How ignorance leads to more accurate results

When scientists measure something, the rule of thumb is usually: The more precise the measurement, the better the results. However, researchers from Göttingen have now shown that measuring too precisely can be a disadvantage. Deliberately ignoring part of the measurement accuracy can, contrary to common intuition, lead to more precise results.

Aljaz Godec and his team are interested in the mathematical determination of physical, in particular thermodynamic, properties from paths of individual particles or processes in a cell. Such calculations are very complex because the motion of the particles is subject to random fluctuations and thus individual paths yield different results. To describe this in theory, many scientists study local currents, for example in cells, derived from time averages along individual paths. Based on previous research, this works particularly well if the space being studied is divided into a grid. The smaller and finer the grid is chosen, the more precisely the paths of the particle and therefore the local currents can be determined, but the more complex the calculation becomes. What sounds logical, however, is not the whole truth.

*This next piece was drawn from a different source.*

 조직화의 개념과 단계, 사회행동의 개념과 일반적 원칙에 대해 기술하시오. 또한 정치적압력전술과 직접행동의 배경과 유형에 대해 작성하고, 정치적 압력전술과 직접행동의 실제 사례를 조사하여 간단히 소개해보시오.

In their tandem publication in Physical Review Letters and Physical Review Research, Cai Dieball, a PhD student in the Research Group of Mathematical Biophysics, and group leader Aljaz Godec showed how derived results can become more accurate if only a few, slightly larger grid points are used instead of a very fine grid when determining time averages along individual paths. And that, even though both, a part of the measurement accuracy and the rest of the considered space, are ignored. The authors were even able to determine that for each calculation there exists an optimal grid-point size at which the derived results become most accurate. This is far from intuitive, because a grid that is too precise, and therefore a measurement that is too accurate, will yield less accurate results. In the extreme case of an arbitrarily precise measurement, calculations even result in quantities that make no mathematical sense. The reason for this counterintuitive effect is that as the grid points become smaller, statistical expected values of local currents are dominated by more and more atypical events, and statistical fluctuations become larger in the process.

In addition to the systematic mathematical description and theoretical calculations that confirm the discovery, experiments in living cells also show that Godec and his team’s approach works. In the future, researchers could apply these new fundamentals in measurements with abstract dynamics in a high-dimensional potential and use them, for example, to study chemical reactions or protein or DNA folding.